Les nouveaux chiffres contredisent complètement ceux fournis récemment par le ministère de l’Éducation, prouvant qu’on ne peut pas faire confiance au gouvernement pour dire la vérité sur l’ampleur du fiasco des prêts étudiants – une crise qui impose un lourd fardeau à une grande partie de l’économie américaine .

De CBN News:

« Le non-paiement à grande échelle des prêts étudiants a des implications économiques plus larges. Les défauts de paiement peuvent avoir des répercussions durables, car la dette d’un prêt étudiant ne peut généralement pas être remboursée par la faillite. Sans programmes massifs de pardon ou d’autres moyens utiles d’allégement de la dette, un segment important de toute une génération pourrait être mis sur la touche économique – incapable de se payer un logement et un marché pour des maisons de départ, et incapables d’épargner assez pour leur retraite. « 

Certains experts comparent les effets économiques potentiels de la crise des prêts étudiants à ceux de la crise des saisies immobilières en 2008 et 2009. Au cours de cette période, environ un propriétaire sur dix avait 90 jours de retard sur ses paiements hypothécaires. Aujourd’hui, le taux global de délinquance pour les prêts étudiants est de plus de 11% et il en va de même pour plus de quatre ans.

De ValueWalk:

«Imaginez qu’on nous dise que, année après année, plus d’un propriétaire sur dix ne faisait pas de paiements en pleine expansion économique. Ce serait considéré comme une catastrophe insoutenable. Et pourtant, c’est ce que nous voyons avec les prêts étudiants en ce moment. « 

Ce que beaucoup de gens ne reconnaissent pas, c’est le fait que les prêts étudiants sont un facteur important contribuant à la spirale des frais de scolarité. Au cours des deux dernières décennies, le coût moyen de quatre années de scolarité dans un collège public a bondi de plus de 200%. Les collèges peuvent continuer à augmenter les frais de scolarité parce qu’ils savent que le gouvernement continuera de consentir des prêts facilement. (CONNEXES: Trouver plus de nouvelles sur le système truqué à RIGGED.news.)

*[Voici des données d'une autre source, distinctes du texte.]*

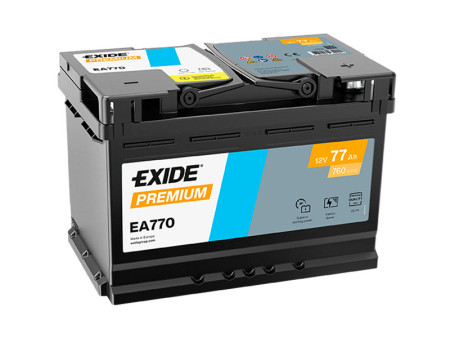 EA770 EXIDE PREMIUM 77AH 278X175X190 -/+ 760A 1815-EA770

Sous Donald Trump, personne ne s’attend à des changements radicaux dans le système, mais il a promis de mettre un terme à l’arnaque des prêts aux étudiants qu’il blâme carrément pour le gouvernement fédéral. Sa position sur les paiements de prêts aux étudiants et les programmes de pardon semble être plus libérale que beaucoup de ses collègues républicains, mais ses plans spécifiques pour traiter de la question ne sont pas encore clairs.

De nombreux observateurs, y compris le président Trump lui-même, croient que la solution la plus efficace est la création de plus d’emplois aux États-Unis, car il n’y a certainement pas de solution facile et rapide à la crise actuelle.

Tant que les études collégiales coûtent plus cher que ce qu’un étudiant peut payer pour travailler à temps partiel – ce qui était possible jusqu’à ce que «d’énormes sommes d’argent soient distribuées à quiconque a un pouls» (comme Shaun Bradley de Anti-Media). mettre), augmentant par la suite le prix des frais de scolarité – il continuera d’y avoir un problème avec la dette de prêt étudiant en Amérique.

Peut-être que le concept d’une éducation collégiale gratuite financée par les contribuables n’est pas une si mauvaise idée après tout, comparativement à ce que nous avons maintenant. Au moins, cela réduirait théoriquement tous les usuriers du milieu.